‘You’ve come a long way to stroke your cock while watching men train,’ spits not-so-merry widow Queen Gorgo (Lena Headey) to the hero of this swords-and-sandals sequel. She may as well be speaking to the audience. Even lighter on story than Zack Snyder’s 2007 predecessor, with an even more imposing array of beardy-yet-waxed male specimens on display, ‘300: Rise of an Empire’ essentially cops to being an equal-opportunity droolfest: as homoerotic or empoweringly macho as you want it to be, with more women in play this time round.
Director Noam Murro is at the helm now; his first film, the smug campus comedy ‘Smart People’, was an odd training ground for this.
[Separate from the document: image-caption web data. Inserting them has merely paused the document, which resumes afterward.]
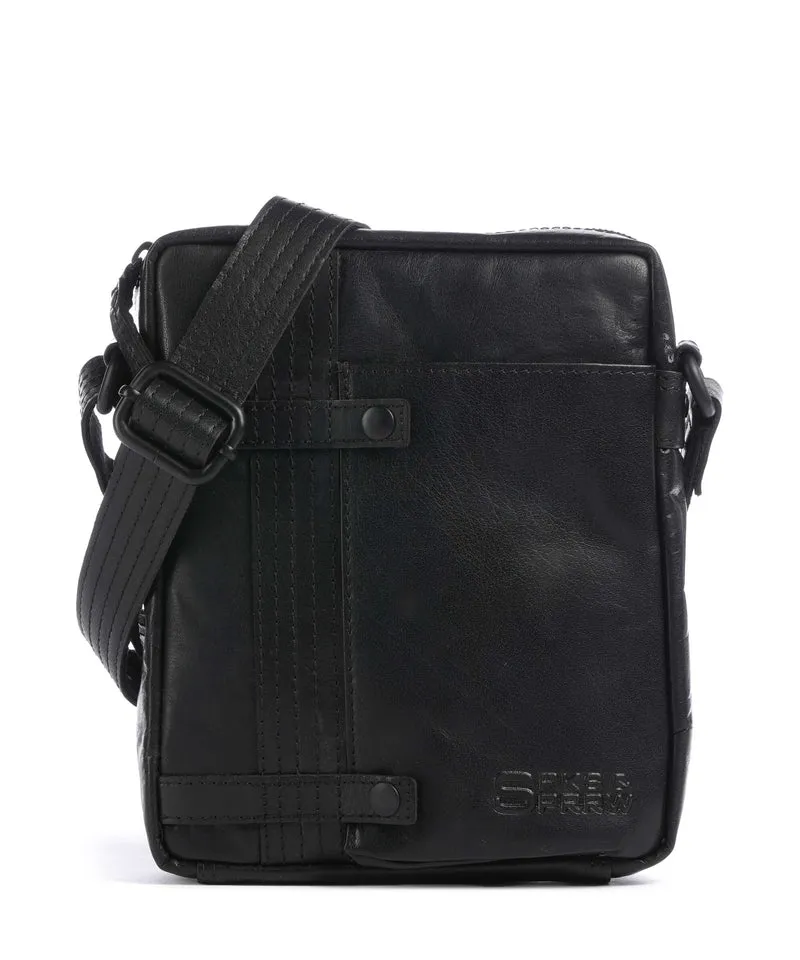 Spikes & Sparrow Bronco Benn Bandolera black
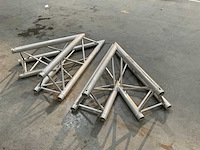 Prolyte x30d-c001 aluminium trus (2x) - afbeelding 5 van  5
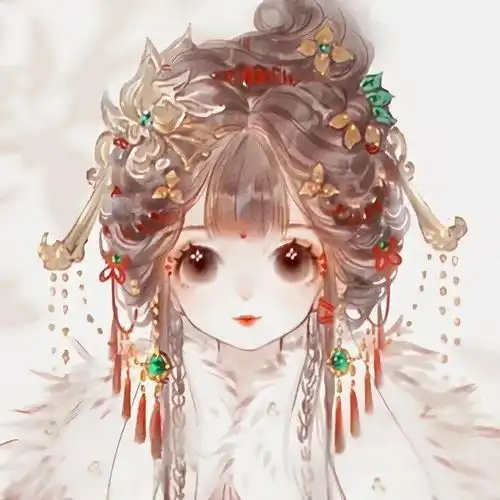 来一波绝美古风头像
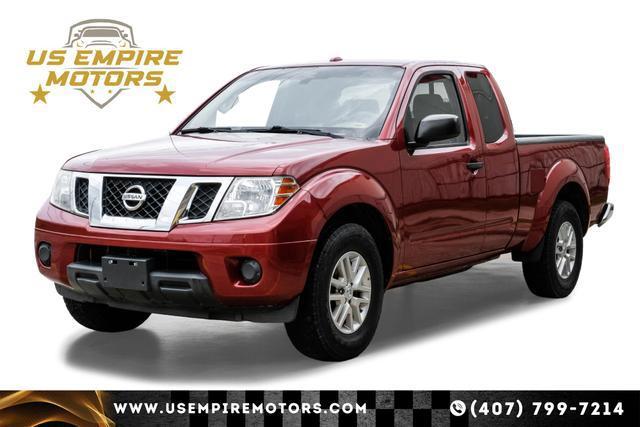 used 2014 Nissan Frontier car, priced at $10,990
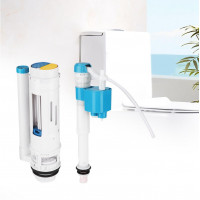 Комплект в сборе к бачку унитаза,сливной клапан,клапан заполнения, низ (315083958)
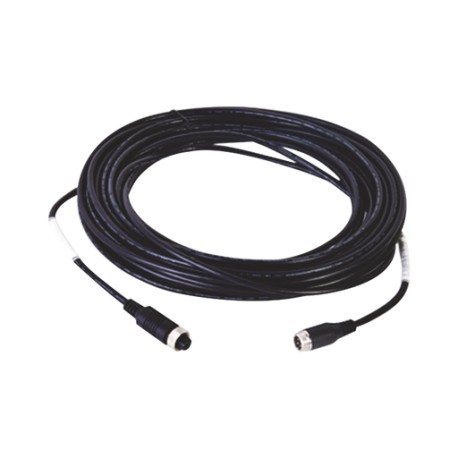 CABLE EXTENSOR DE VÍDEO Y AUDIO DE 14 METROS / CONECTOR TIPO AVIACIÓN / COMPATIBLE CON CÁMARA TURBO MÓVIL HIKVISION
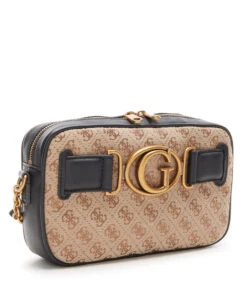 Guess Aviana Crossbodytas Bruin HWJB84-14140-LBL -Hexagona winkel 2ce2b17e5d5244168e24c3b766bc3e4a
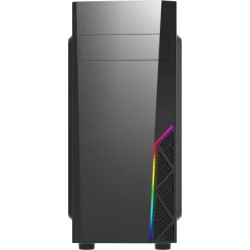 Boitier Moyen Tour ATX Zalman T8 RGB avec panneau vitré (Noir)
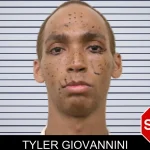 Tyler Giovannini mugshot – Bulloch County , Georgia Tyler Giovannini mugshot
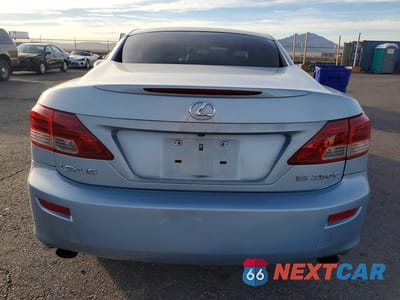 Zdjęcie 6 z 12 samochodu: 2010 LEXUS IS 250C BASE VIN:JTHFF2C25A2501844 - miniatura
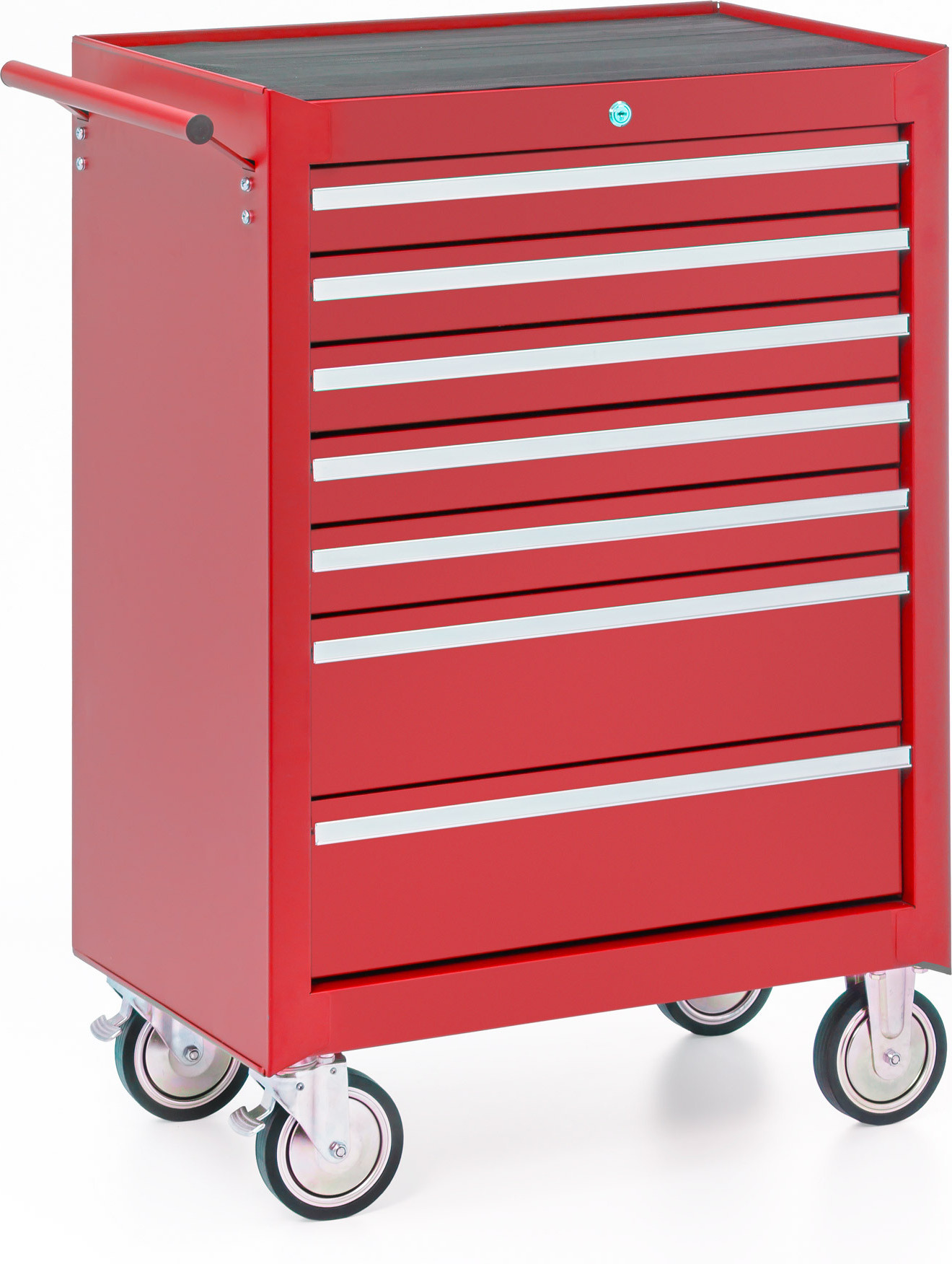 Werkstattwagen, 7 Schubladen, rot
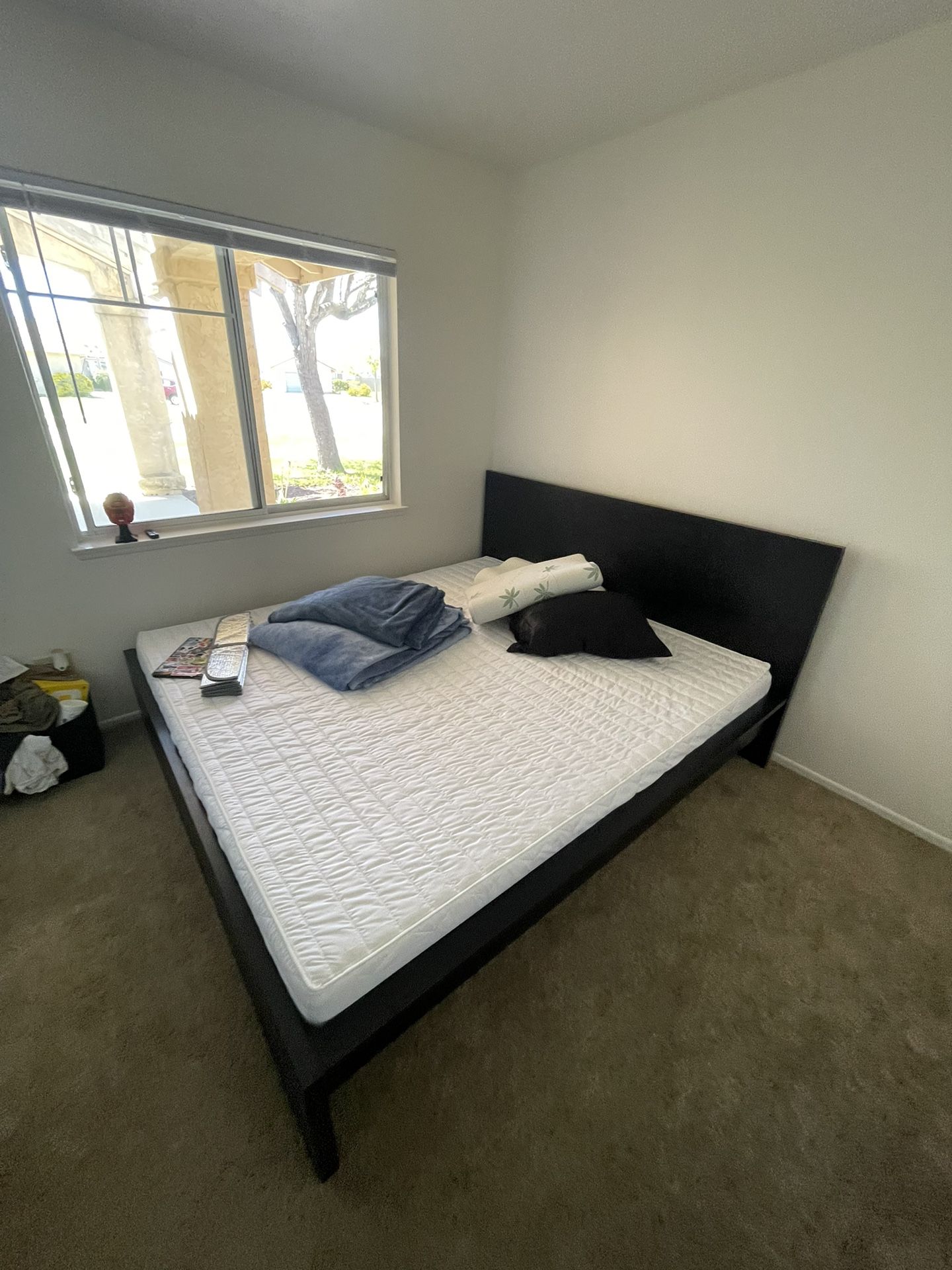 IKEA King Size Bed 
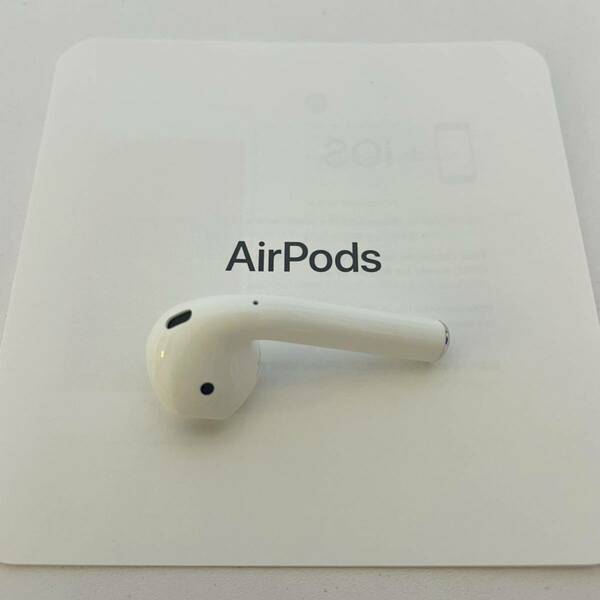 管理w31 Apple製品　AirPods 第２世代　左耳のみ　Apple 正規品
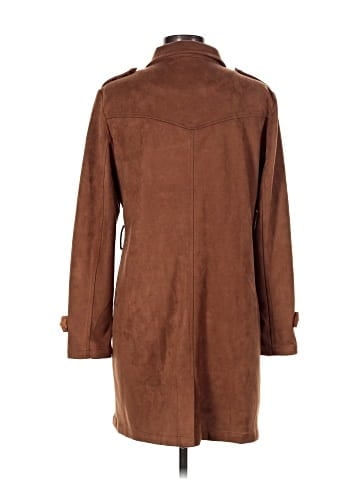Allegra K Trenchcoat (view 2)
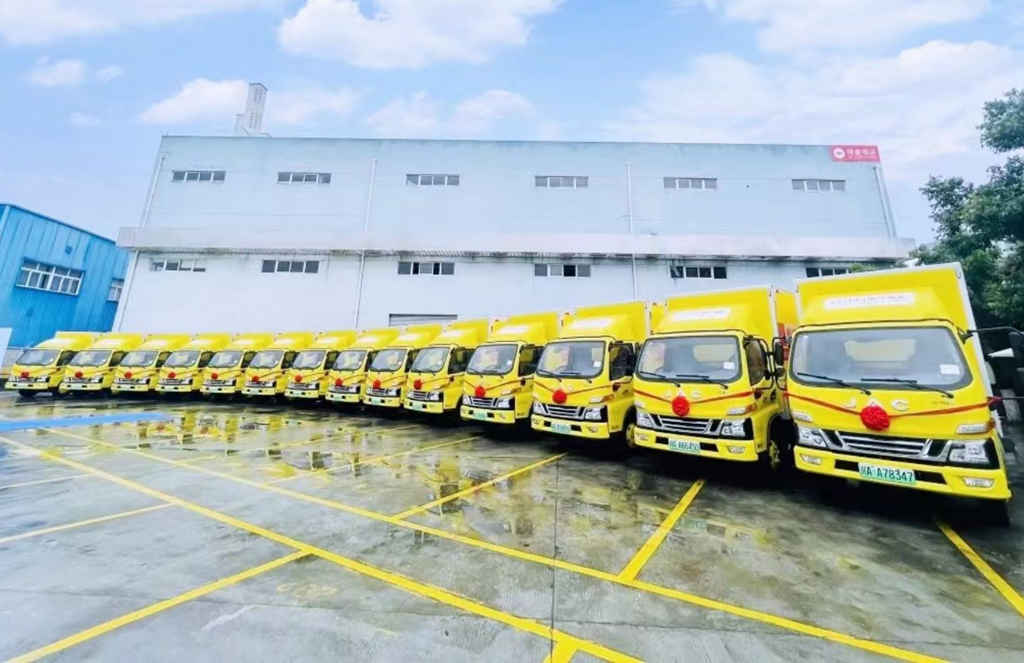 江淮1卡新能1号批量交付蚂蚁搬家 助力行业绿色发展 - 第2张 - 提加商用车网 江淮1卡新能1号批量交付蚂蚁搬家 助力行业绿色发展 - 第2张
The oppressive red-and-sepia styling of the original has been tempered a bit – manly charcoal hues are in this season, with burgundy blood now sloshed generously across the screen in 3D. Stepping in for the slain Gerard Butler is the strappingly named Sullivan Stapleton as Themistocles of Athens (and, to judge by his accent, Melbourne), chosen to lead the allied Greek states in naval battle against Persia. Their fleet, in turn, is commanded by warrior queen Artemesia, played by the splendidly vampy Eva Green as a kind of Xena/Joan Crawford hybrid who lops off heads in gold lamé. It’s a pleasingly fair fight.
Storytelling is left to Headey’s wordy voiceover; it’s flesh and carnage that the audience is here to see, and Murro delivers it by the glistening ton, pausing only for stray bits of backstory. We learn how Persian god-king Xerxes came to be (short version: he took a bath and emerged as both members of Right Said Fred), while a token father-son arc serves only to give British star-in-the-making Jack O’Connell a few extra lines. It’s all extravagantly daft, moves at a fair clip and is over before you expect it to be – one suspects the actual Battle of Artemisium was rather different.